Liverpool menjadi contoh nyata bagaimana data dapat menjadi landasan keputusan strategis. Ian Graham mengisahkan momen ketika meyakinkan Pelatih Juergen Klopp untuk merekrut Sadio Mane dari Southampton. Saat itu, Klopp sebenarnya sangat menginginkan Mario Goetze yang masih bermain di Bayern Munich. Namun, berkat analisis data yang disajikan Graham, fokus transfer akhirnya beralih kepada Mane.
The Reds melihat Mane menawarkan atribut-atribut yang undervalued di pasar saat itu, seperti agresivitas dalam pressing, kemampuan eksplosif di ruang sempit, dan konsistensi dalam menciptakan peluang yang tidak selalu tercermin dalam angka-angka konvensional. Pendekatan ini mencerminkan filosofi data Liverpool yang lebih menekankan efisiensi dan kecocokan taktik, bukan popularitas nama besar atau ekspektasi media.
Model seperti ini juga diterapkan Brentford dan Brighton & Hove Albion. Dengan dukungan perusahaan analitik seperti Smartodds dan Starlizard, mereka mampu menemukan pemain potensial seperti Kaoru Mitoma dan Moises Caicedo sebelum menjadi bintang. Pendekatan ini bukan hanya tentang angka, tetapi juga tentang strategi pencarian nilai dalam pasar pemain yang kompetitif.

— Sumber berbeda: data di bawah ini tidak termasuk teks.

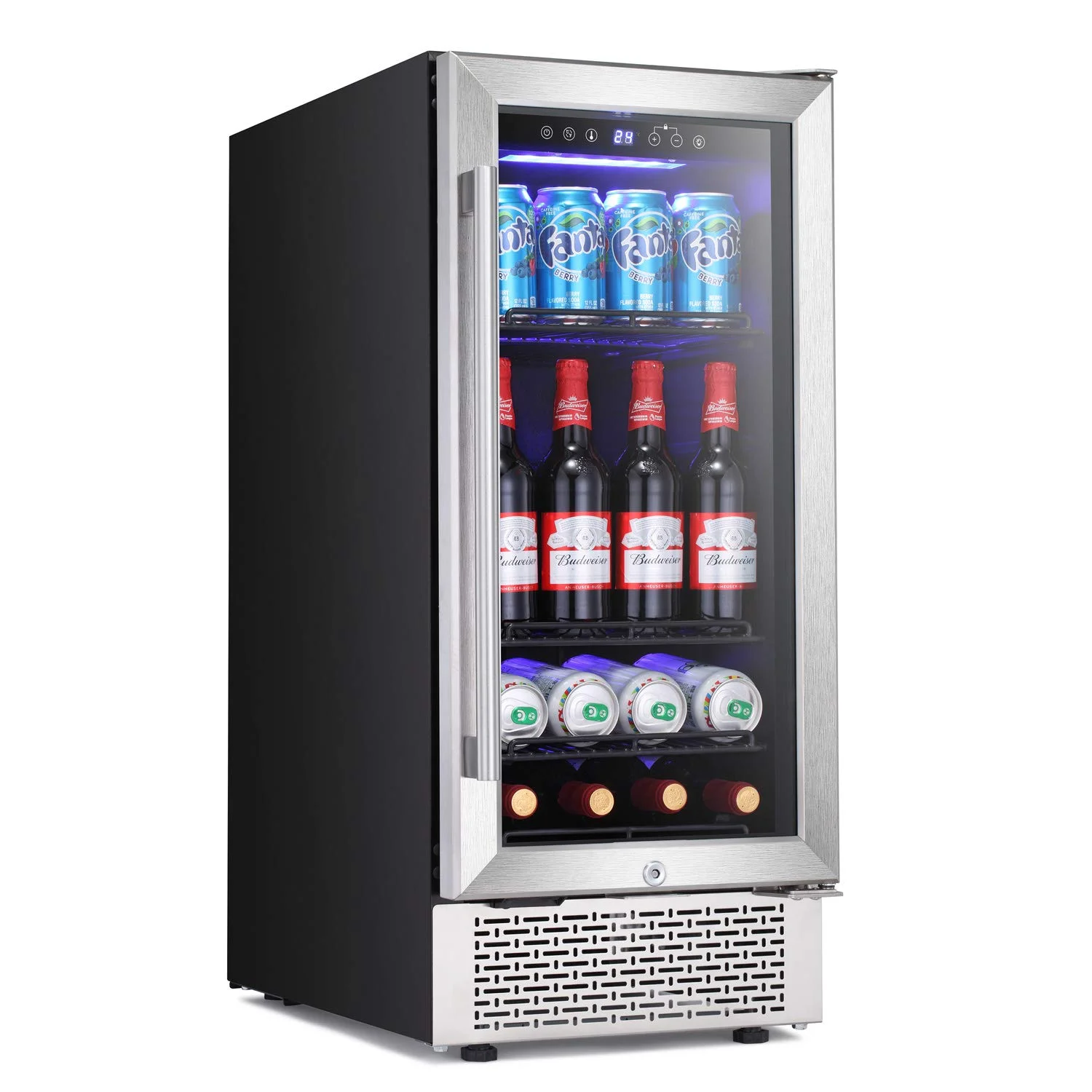 

AGLUCKY 15”Wine Cooler Cabinet Built-in or Freestanding Beverage Refrigerator Stainless Steel Glass Door Wire Digital Memory
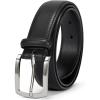 imageBOSTANTEN Mens Genuine Leather Belt Dress Casual Brown Belt for Men 1 38quot Belt for Work Business Golf Jeans with Gift Box001black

Fungsi data meluas ke ranah performa fisik dan taktik. Arsenal, melalui Sarah Rudd dan timnya, pernah menghadapi kesulitan ketika mencoba mengukur seberapa efektif pergantian sisi permainan. Setelah diskusi dengan staf pelatih, definisi metrik pun diubah untuk lebih mencerminkan intensi taktik yang diinginkan, yaitu menciptakan keunggulan jumlah pemain di sisi lapangan tertentu. Perubahan kecil dalam definisi ini menunjukkan, data yang kuat pun membutuhkan dialog yang sehat antardivisi.